» EXERCISE REQUIREMENTS:
Each record that follows is to be transcribed exactly, excluding its images.

---------- SOURCE RECORDS ----------

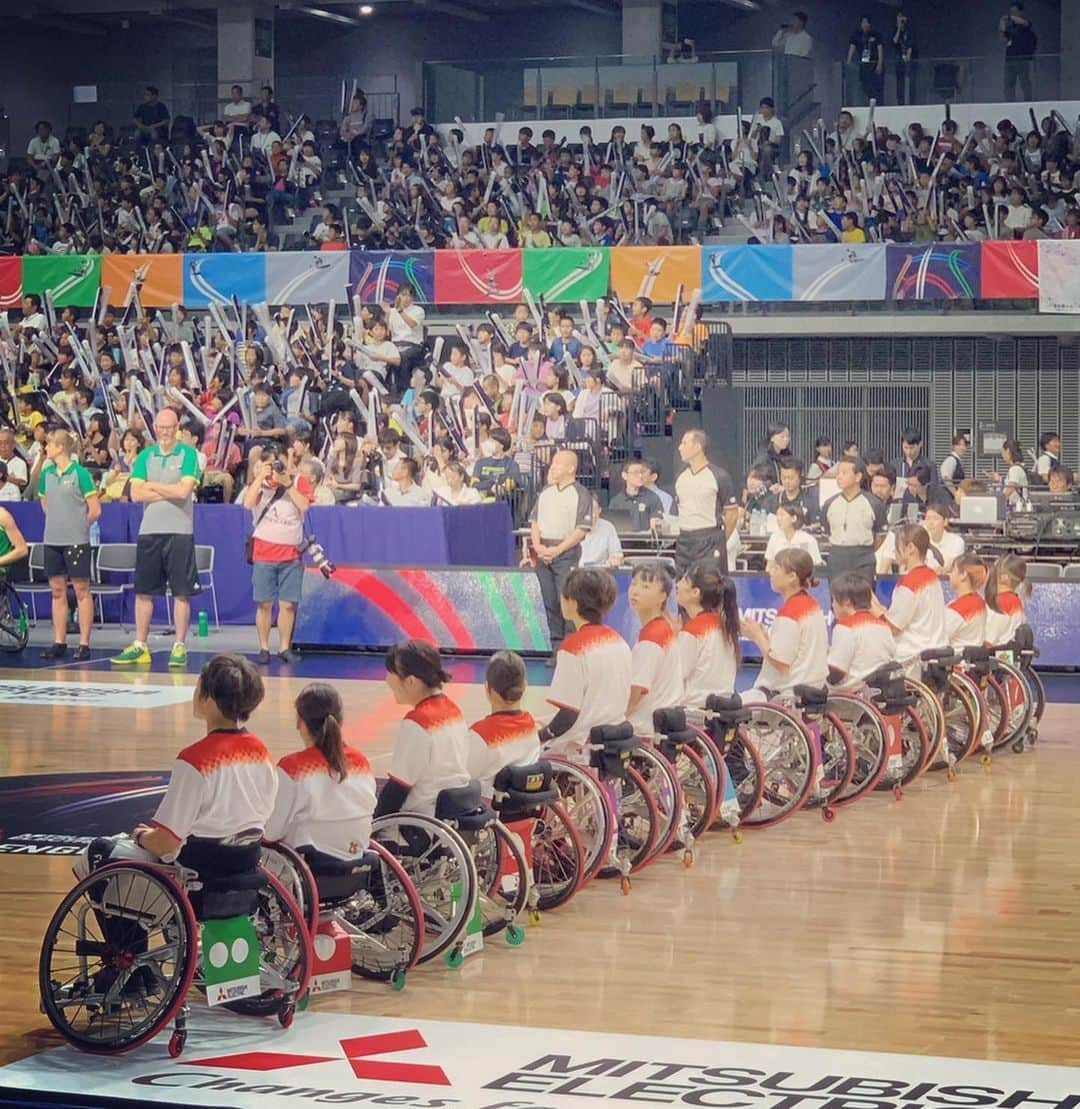 大神雄子さんのインスタグラム写真 - (大神雄子Instagram)「以前車いすバスケットボール日本代表合宿に参加させていただいてから、こうして機会をいただき、キャプテンで同級生の藤井選手はじめ、みなさんの応援に行ってきましたーーーっ🔥  久しぶりに会えただけでなく、戦う姿にただただ感動、興奮😊‼︎ 合宿からの試合と疲労もあるだろうけど、今がチームの力試される時だと話してた藤井キャプテン、皆さん‼︎ 明日もがんばってくださいっ🔥 自分もがんばりますっ🔥🔥 @jwbf__official  @bbking_jp  #三菱ワールドチャレンジカップ2019  #onebasketball」8月29日 18時59分 - shin___01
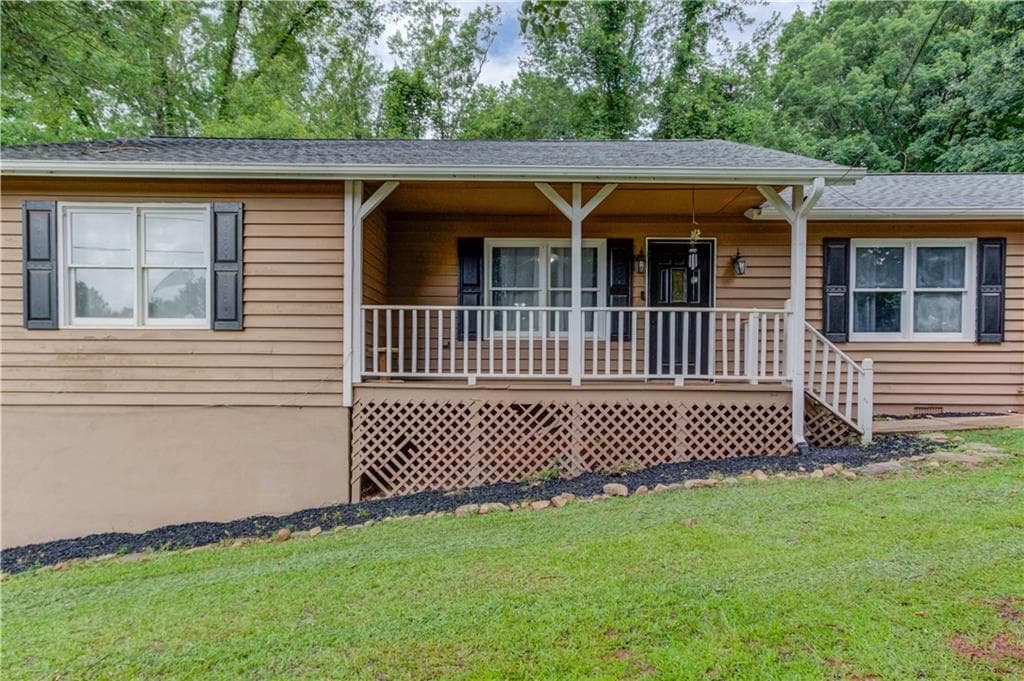 3 bedroom, 3 bathroom, 1,588 sq ft single family residence for sale at 3305 Ladd Drive, Gainesville, GA 30506 — photo 4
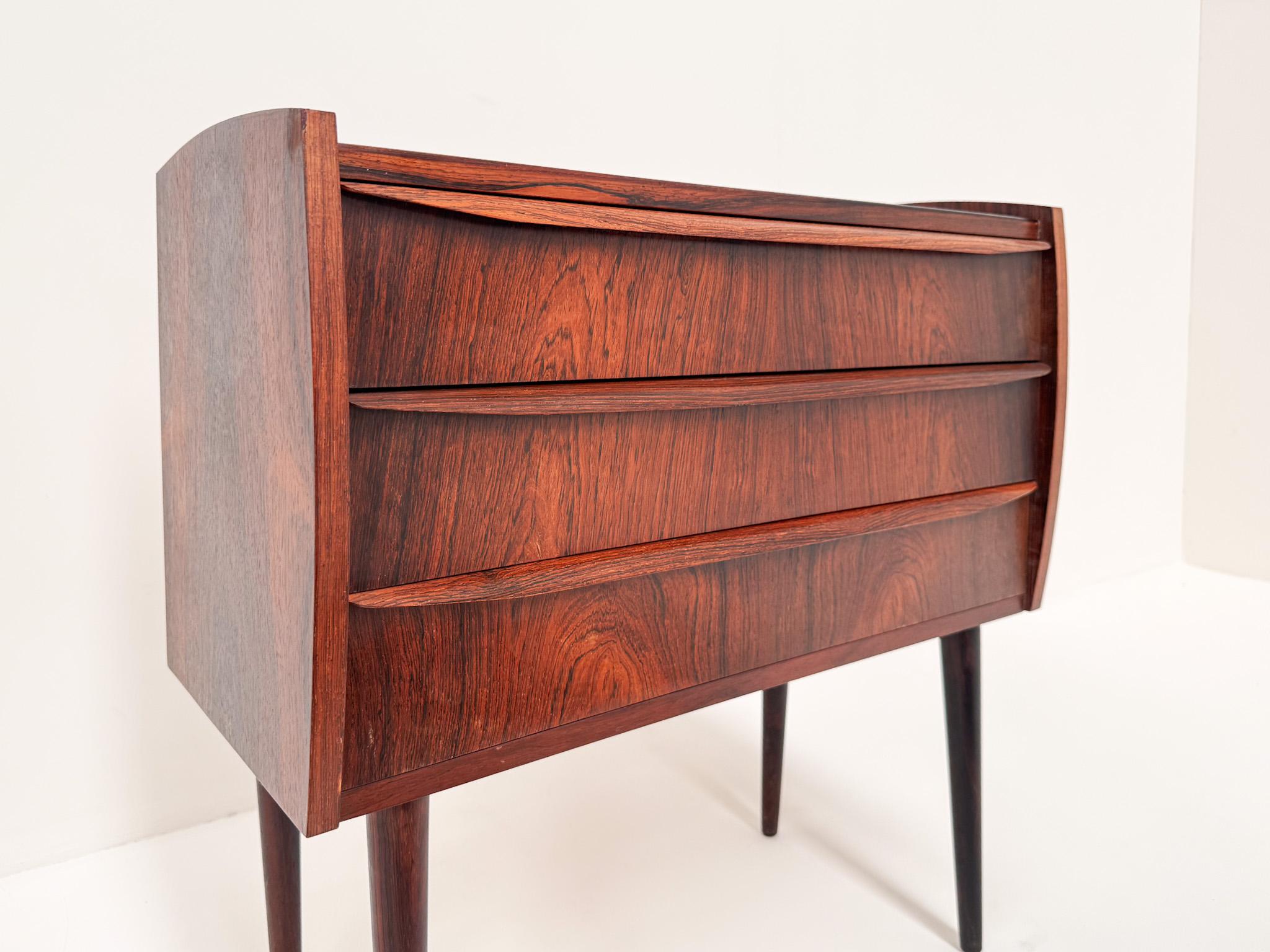 Mid-Century Danish Rosewood Chest of Drawers, 1960s For Sale 3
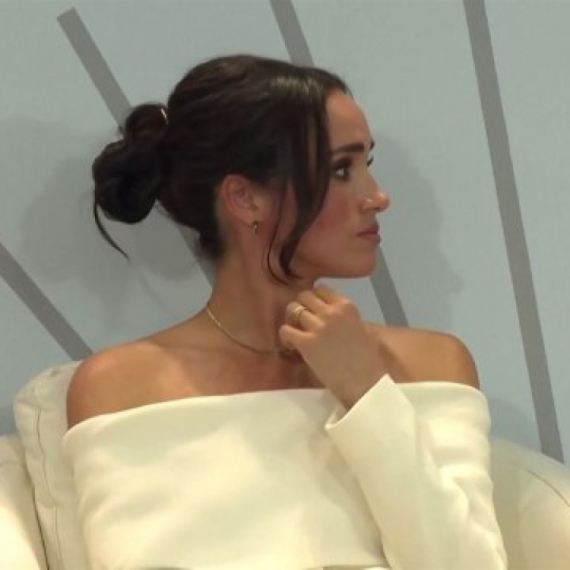 Dok se sve na dvoru "raspada", Megan Markl radi na promociji svog brenda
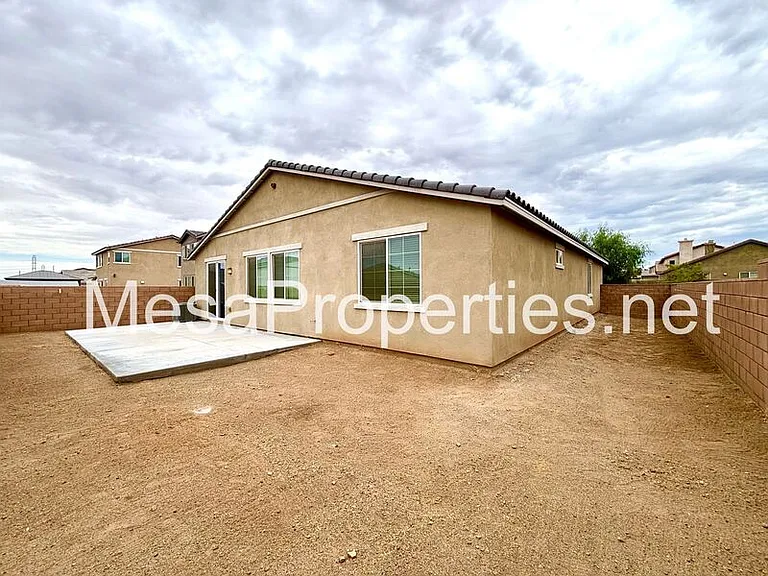 12594 Ava Loma St — Photo 34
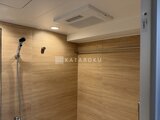 シーフォルム板橋3 木調タイルで落ち着いた印象のシャワーブース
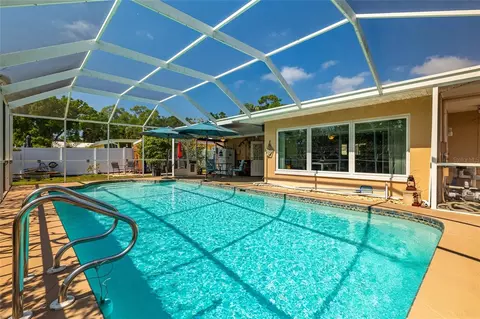 Exterior - 1365 Windsor Dr, Clearwater, FL 33756 photo 10 of 16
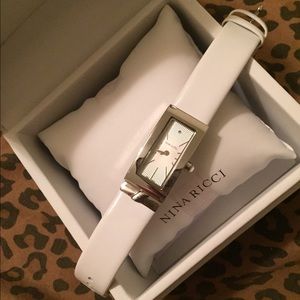 Ladie's Nina Ricci Watch!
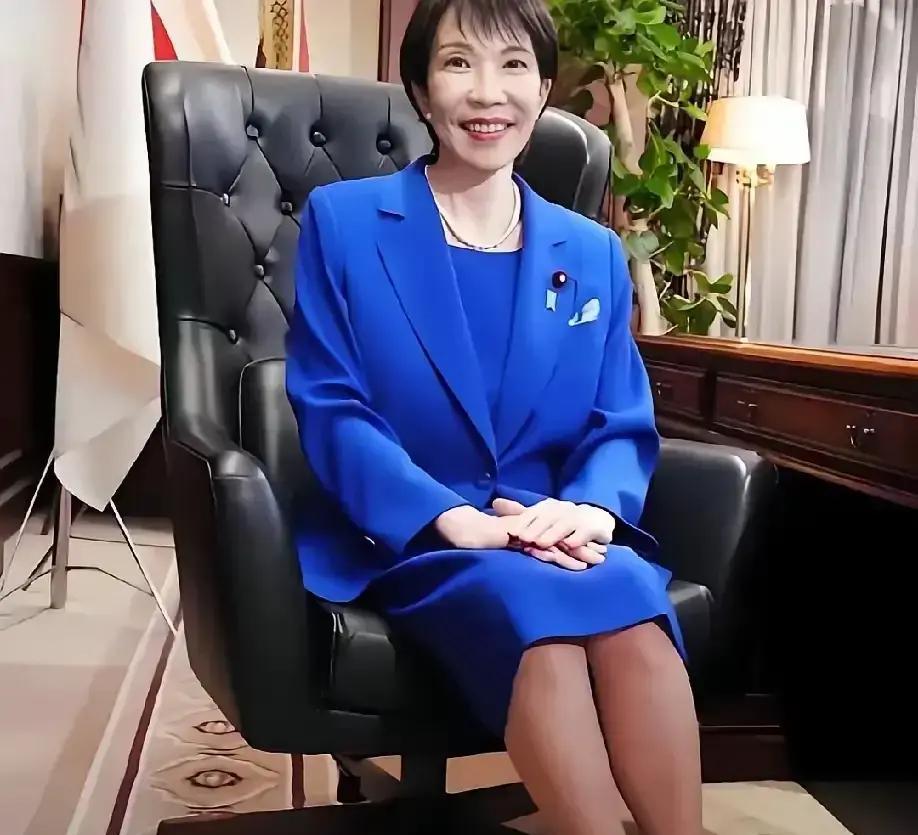 强烈呼吁，咱们媒体应该把“天皇”改成“倭王”！
 
因为“天皇”这个词，原本就不属于日本。
 
1946年1月1日，东京，寒意刺骨。裕仁坐在书房里，面前摊开着一份刚刚拟定的诏书草稿。他的手悬在笔上，微微颤抖。窗外是战败后第一个新年，但听不到任何庆祝的声音，只有一片死寂的废墟。就在几分钟前，盟军总司令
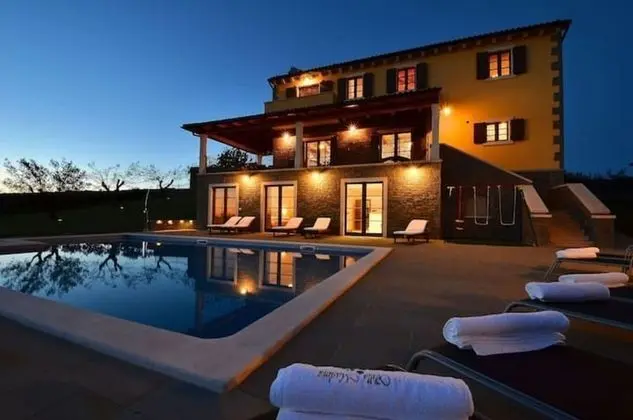 Villa, Birden Çok Yatak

----------

» EXERCISE RESPONSE:
 大神雄子さんのインスタグラム写真 - (大神雄子Instagram)「以前車いすバスケットボール日本代表合宿に参加させていただいてから、こうして機会をいただき、キャプテンで同級生の藤井選手はじめ、みなさんの応援に行ってきましたーーーっ🔥  久しぶりに会えただけでなく、戦う姿にただただ感動、興奮😊‼︎ 合宿からの試合と疲労もあるだろうけど、今がチームの力試される時だと話してた藤井キャプテン、皆さん‼︎ 明日もがんばってくださいっ🔥 自分もがんばりますっ🔥🔥 @jwbf__official  @bbking_jp  #三菱ワールドチャレンジカップ2019  #onebasketball」8月29日 18時59分 - shin___01
 3 bedroom, 3 bathroom, 1,588 sq ft single family residence for sale at 3305 Ladd Drive, Gainesville, GA 30506 — photo 4
 Mid-Century Danish Rosewood Chest of Drawers, 1960s For Sale 3
 Dok se sve na dvoru "raspada", Megan Markl radi na promociji svog brenda
 12594 Ava Loma St — Photo 34
 シーフォルム板橋3 木調タイルで落ち着いた印象のシャワーブース
 Exterior - 1365 Windsor Dr, Clearwater, FL 33756 photo 10 of 16
 Ladie's Nina Ricci Watch!
 强烈呼吁，咱们媒体应该把“天皇”改成“倭王”！
 
因为“天皇”这个词，原本就不属于日本。
 
1946年1月1日，东京，寒意刺骨。裕仁坐在书房里，面前摊开着一份刚刚拟定的诏书草稿。他的手悬在笔上，微微颤抖。窗外是战败后第一个新年，但听不到任何庆祝的声音，只有一片死寂的废墟。就在几分钟前，盟军总司令
 Villa, Birden Çok Yatak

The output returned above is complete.